--- TASK TO CARRY OUT ---
Would you print only the lines running from the one with "a bowl of delicious rice on the table." to the final line of the data below, word for word and without pictures?

--- COLLECTED DATA ---
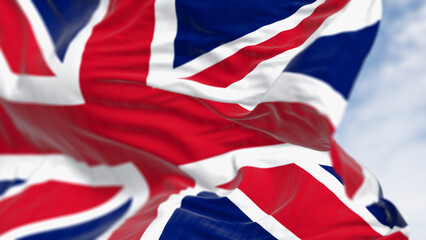Fototapeta premium Close-up of national flag of the United Kingdom waving in the wind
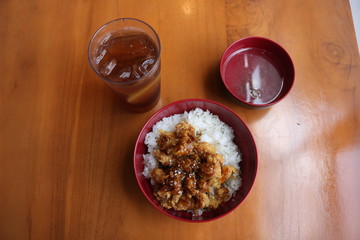 a bowl of delicious rice on the table.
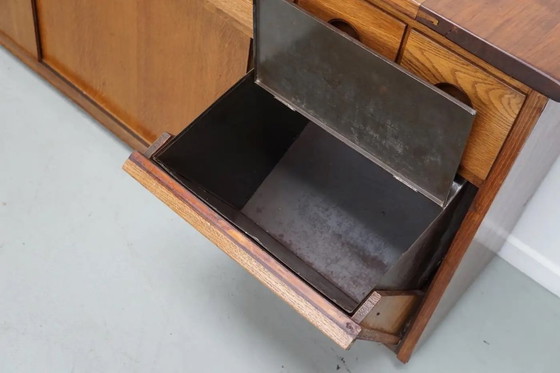 Image 1 of Grote Nederlandse industriële eiken apothekers- / bakkerijkast, ca. jaren 1950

--- RESULT FOR THIS TASK ---
 a bowl of delicious rice on the table.
 Image 1 of Grote Nederlandse industriële eiken apothekers- / bakkerijkast, ca. jaren 1950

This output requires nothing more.